We practice a form of homeschooling called "unschooling," which operates without any curriculum at all. It's a system pioneered by John Holt, author of How Children Fail, How Children Learn, and Learning All the Time – books which were influential in developing our homeschool style. As unschoolers, the boys are not involved with any homeschool group – there is at least one local group, which offers some classes and gatherings – and they are perfectly happy to be outside the school system. Instead they have a remarkable amount of freedom, and with it, a remarkable amount of opportunity.
But without curriculum, how do they learn what they need to know?
It does create some disjointed learning processes. For instance, the boys really got into math last winter. They printed out blanks, and then filled in times tables. They got some math workbooks, and spent hours doing the problems, from simple addition to some basic division. Then, as summer harvest and the house addition began to absorb our time, and their friends started summer vacation, math fell by the wayside. The kids were too busy playing with their friends in the kid-pack that floats from house-to-house up and down our street, Kristin too busy harvesting, me too busy building. Last night, as they played Scrabble, I noticed that they'd forgotten a lot of their addition. I helped them out for awhile. When I got tired, they still wanted help with the math, so I found an addition workbook and said they could add up the score on the margins. They got distracted and started working on the problems in the book while I went to bed. And rapidly regained what they had lost.

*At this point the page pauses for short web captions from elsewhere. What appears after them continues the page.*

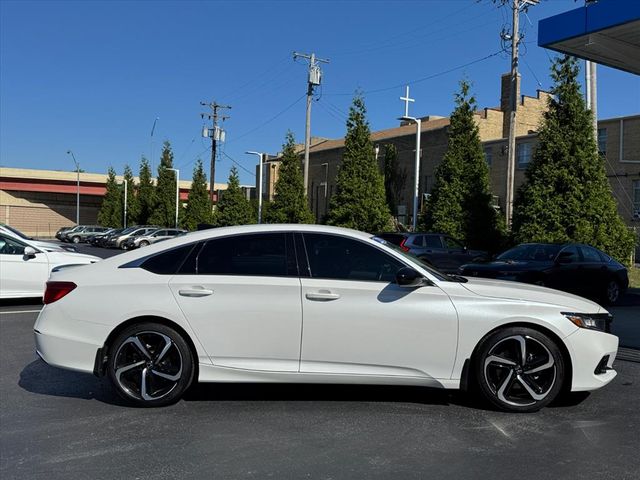 2022 Honda Accord Sport SE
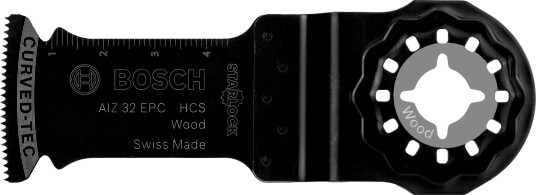Bosch Starlock AIZ 32 EPC HCS Sagblad for Tre 32x50 mm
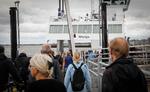 Fejlen betyder, at færgeselskabet ikke kan fjernstyre rampen som normalt. Foto: Anders Brohus
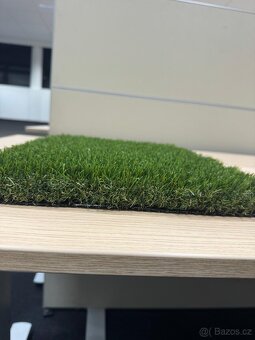 Umělý trávník 40mm výška. Luxusní jemný - 3
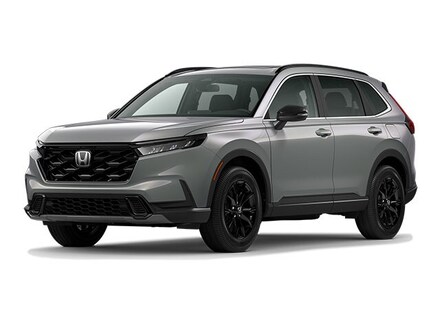 2026 Honda CR-V Hybrid Sport-L SUV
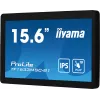 Monitor komputerowy iiyama ProLite TF1633MSC-B1 39,6 cm (15,6 cala) 1920 x 1080 pikseli Full HD Dotykowy Czarny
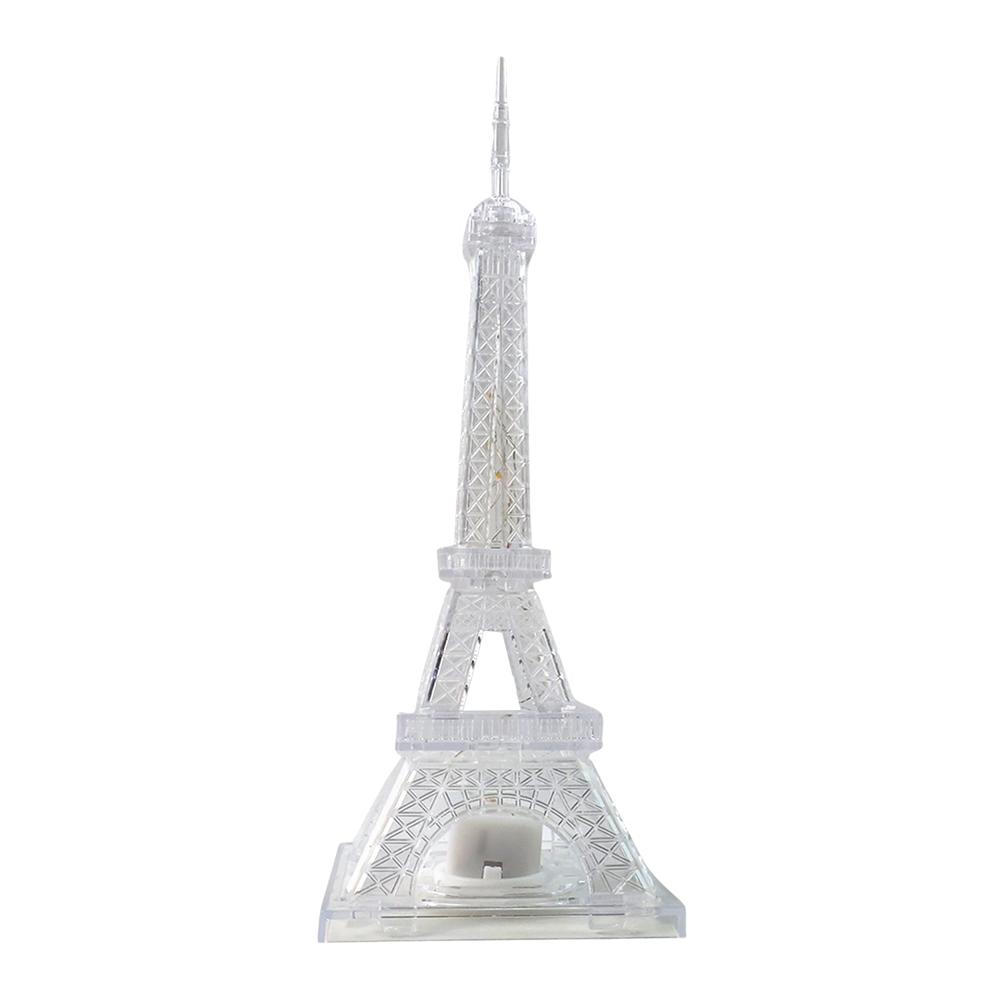 Led Eiffel Tower Decorative Night Light (1 Pc) - Color: Mix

I got to thinking about it.
How do we, as adults, learn what we need to know?
We learn when we are ready, when we need to know. Nobody tells us we have to – the need is there, it stimulates the desire, we seek the knowledge, and we learn. I didn't learn much in school. I was interested in history and geography, and read books like Bruce Catton's Civil War, and The Rise and Fall of the Third Reich, that enabled me to frequently spot the inaccuracies in my school textbooks. High school history was so pointless that I used to hide novels inside my textbook and read them during class. I learned nothing about carpentry – I learned that on the job. I didn't learn to tie knots, splice line, sew web, maintain diesel engines, or start a fresh-water maker in school – I learned that working on a fishing boat. I learned nothing about design and architecture, my chosen field – I went to college, and followed it up with on-the-job training. I didn't learn to run a business until I started one. When I started work as a building official, I knew almost nothing about building code – now I can cite probably hundreds of code regulations.

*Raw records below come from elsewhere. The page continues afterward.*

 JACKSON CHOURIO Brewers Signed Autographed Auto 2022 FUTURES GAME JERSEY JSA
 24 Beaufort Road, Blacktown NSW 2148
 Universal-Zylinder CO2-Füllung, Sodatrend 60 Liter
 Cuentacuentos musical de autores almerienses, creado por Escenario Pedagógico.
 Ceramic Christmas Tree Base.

Kids are no different. When Sam was five years old, he loved Magic Treehouse books. When his parents didn't have time to read to him, he needed to learn to read. He taught himself, with help from us. Now, at six, he reads at the 8th or 9th grade level.

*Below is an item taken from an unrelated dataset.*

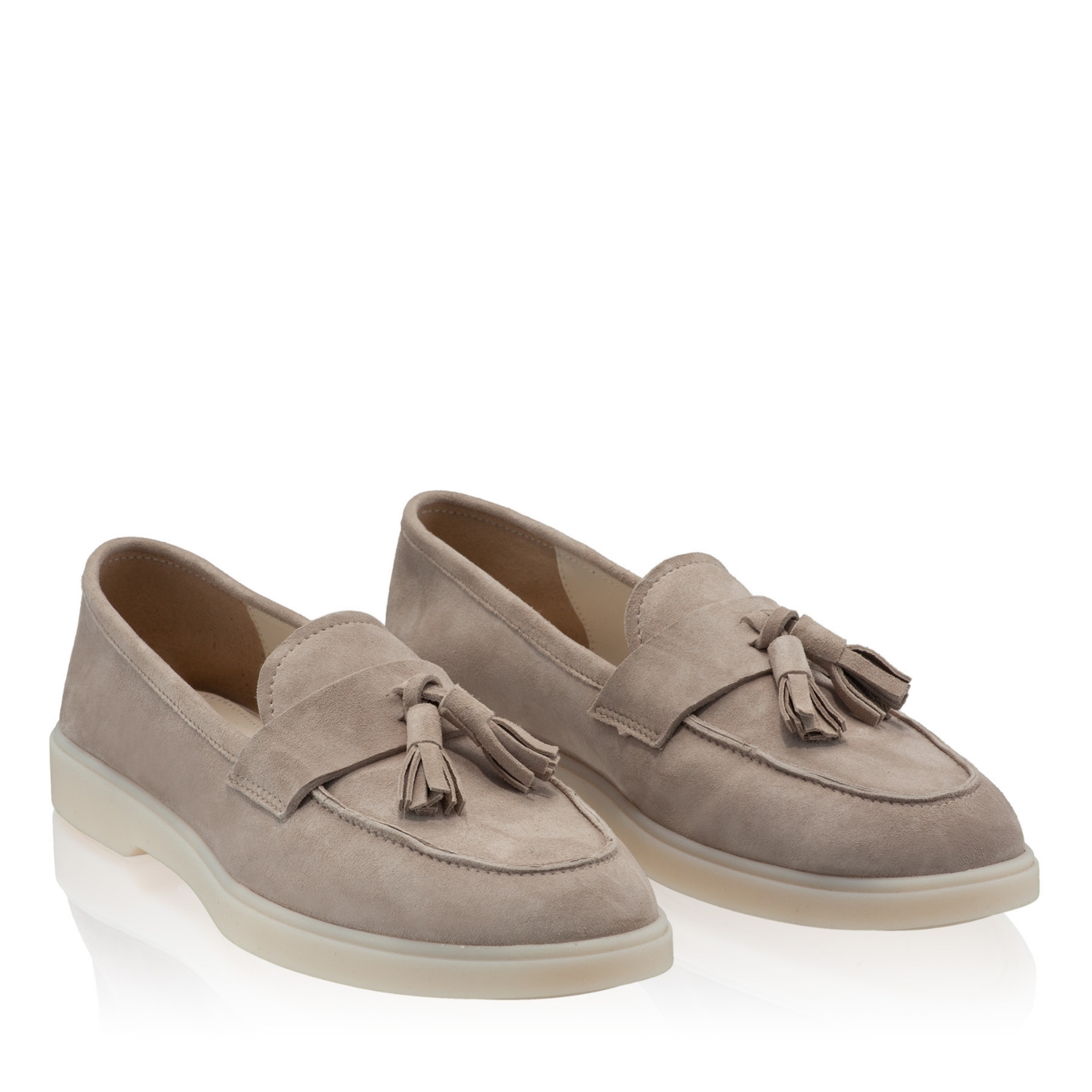 Imagine Pantofi Casual Dama 7517 Camoscio Tortora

But what if he had been in school? The demand to learn would be there, but the need might not. Or, he might have been too busy studying things he wasn't interested in (science?) to teach himself to read. I suspect he would have learned to read anyway. The need to learn is intrinsic to our human curiosity. If we aren't interested in something, if it doesn't have meaning in our lives, we won't learn it – or at least, not very well. If we are interested in it, if it has meaning in our lives, we will learn – and almost nothing can hold us back.
Feminism is the philosophy that women are people, too. Unschooling is the philosophy that kids are people, too.
School curricula, by removing the learning from the context, the readiness to learn it, the need for it and the meaning behind it, lowers the intrinsic motivation to learn. It is destructive. The best curriculum is to follow your heart.